A un moment, je désire investir sur l’acquisition de la maison d’en face. Lucette s’y refuse, tant que la maison ne sera pas terminée. Elle gagne. Je ne regrette pas cette orientation. Le regret n’a pas de place dans la méditation. Entre plusieurs possibles, il faut choisir, il faut faire un choix, prendre une décision…

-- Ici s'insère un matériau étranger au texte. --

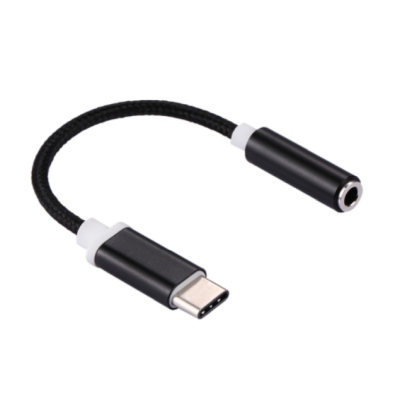 USB-C for 3.5mm Aux adapter, Black/Nylon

Une des orientations de Lucette depuis 2 ou 3 ans fut l’idée d’une pergola. Personnellement, je ne le sentais pas ce projet. Or, hier soir, Lucette a découvert que la construction de l’extension qu’elle envisageait allait nous retirer tout le soleil du soir… C’est elle qui mesure le coût de son option. Ce que je veux dire, c’est que la confrontation des principes de chaque habitant de la maison ne se fait pas toujours sous la forme d’un rapport de force, c'est-à-dire d’une contradiction. Le plus souvent, l’apport de l’un est accepté par tous, parce que l’on comprend que ce qu’il veut faire enrichit l’ensemble du projet.
Quand Romain décide de faire fonctionner un atelier vélo, personne ne s’y oppose. On sent que faire du vélo est un possible à développer.
Quand je propose le chantier «pierres», tout le monde y adhère, même si l’accord n’est pas trouvé sur la destination. Le principe de l’espace domestique se dégage progressivement d’un mouvement d’accomplissements pratiques individuels.
On est dans l’instituant ordinaire pointé par Georges Lapassade.
Certaines options font problème. Annabelle habite un studio à Aix-en-Provence, avec un gros chien fou. Celui-ci a empêché Charlotte de dormir. Charlotte fera certainement le choix de ne plus aller chez Annabelle passer ses vacances…
Lucette se moque de moi, quand je dis que Gancho m’empêche de dormir. Elle clame par monts et par vaux que c’est moi qui empêche le chat de dormir. J’ai besoin de sommeil. Gancho, lui, se réveille volontiers à 4 ou 5 h du matin. Comme il sait que je me réveille plus facilement que Lucette, c’est moi qu’il vient chercher pour que je lui ouvre la porte du jardin. Ensuite, difficulté pour me rendormir… Je ne puis éliminer le chat. Il a montré son utilité domestique : Il combat les souris. Habiter Sainte Gemme suppose une lutte contre les souris. Je ne puis donc pas faire d’ultimatum. Vivre à la campagne suppose la reconnaissance de la place de Gancho. En même temps, disposer de moi en forme peut aussi être une ressource du principe domestique. Comment gérer la dialectique Gancho/mon sommeil ?
La nuit dernière, quand Lucette est partie à la salle de bain, j’ai ouvert la porte au chat : il a passé la nuit dehors… et j’ai très bien dormi.
La maison a donc un principe de développement dont la dynamique spinoziste peut se formuler : l’essence d’une maison est de persévérer dans son être.